**What you are asked to do:** Print the entries below again exactly as they stand, but skip any picture.

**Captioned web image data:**
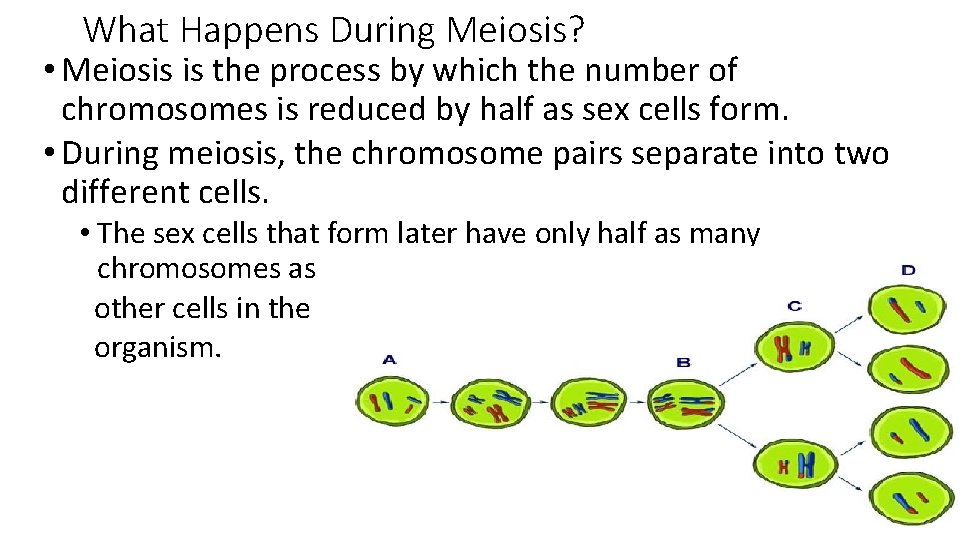 What Happens During Meiosis? • Meiosis is the process by which the number of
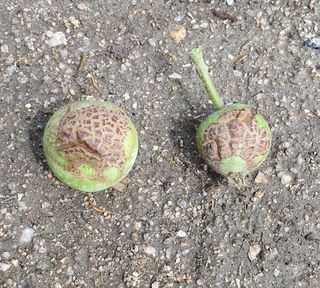 최고봉님최진홍님의 사과 · 병해충상담 작성글 사진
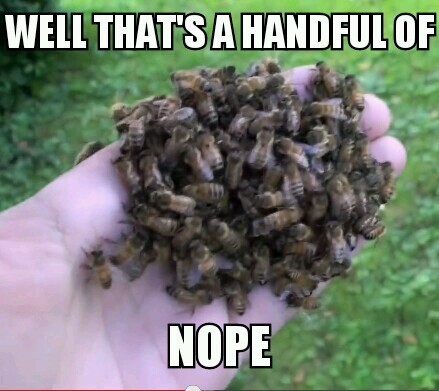 Thanks To Inuyashafangirl101 This Title Is Now A Black Man Meme By Monkeylazar Memedroid thanks to inuyashafangirl101 this title is now a black man meme by monkeylazar memedroid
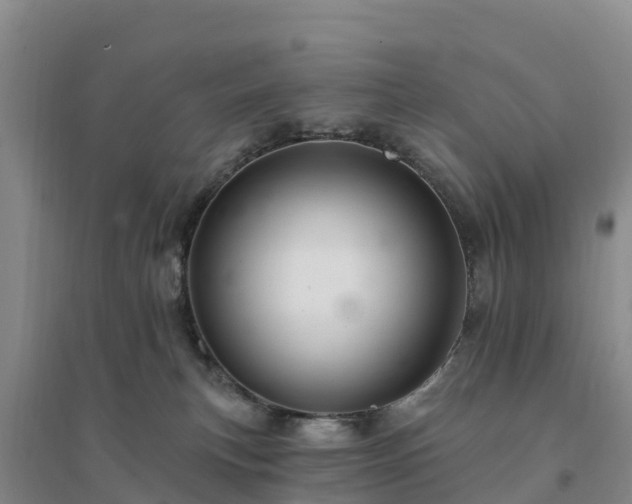 X0000094380183200711091609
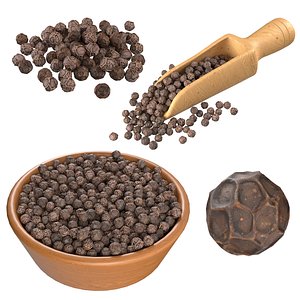 Black dried peppercorn set model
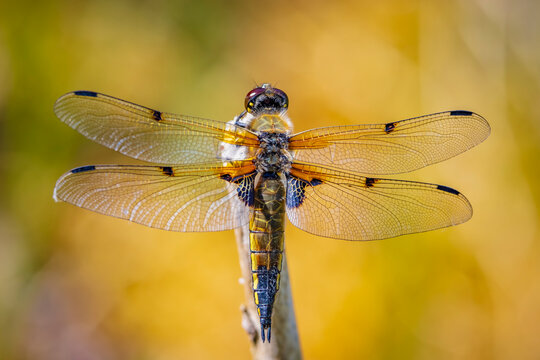 Close-up of a four-spotted chaser Libellula quadrimaculata dragonfly
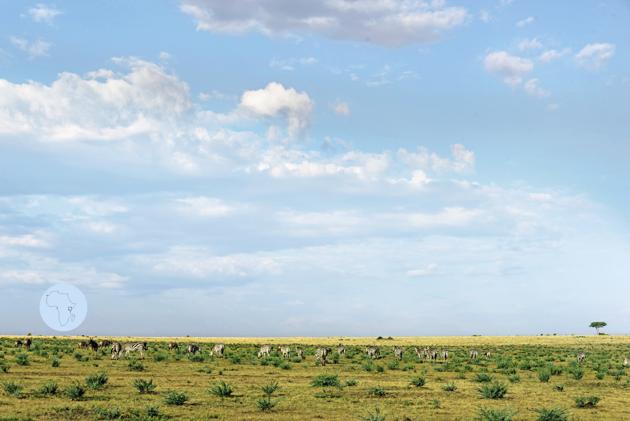 Maasai Mara boasts the largest terrestrial concentration of wildlife on our planet (Sonia Nazareth) Maasai Mara boasts the largest terrestrial concentration of wildlife on our planet (Sonia Nazareth)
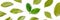 Bay leaf panorama. A pattern of dry laurel leaves with a couple of fresh ones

**Written response:**
 What Happens During Meiosis? • Meiosis is the process by which the number of
 최고봉님최진홍님의 사과 · 병해충상담 작성글 사진
 Thanks To Inuyashafangirl101 This Title Is Now A Black Man Meme By Monkeylazar Memedroid thanks to inuyashafangirl101 this title is now a black man meme by monkeylazar memedroid
 X0000094380183200711091609
 Black dried peppercorn set model
 Close-up of a four-spotted chaser Libellula quadrimaculata dragonfly
 Maasai Mara boasts the largest terrestrial concentration of wildlife on our planet (Sonia Nazareth) Maasai Mara boasts the largest terrestrial concentration of wildlife on our planet (Sonia Nazareth)
 Bay leaf panorama. A pattern of dry laurel leaves with a couple of fresh ones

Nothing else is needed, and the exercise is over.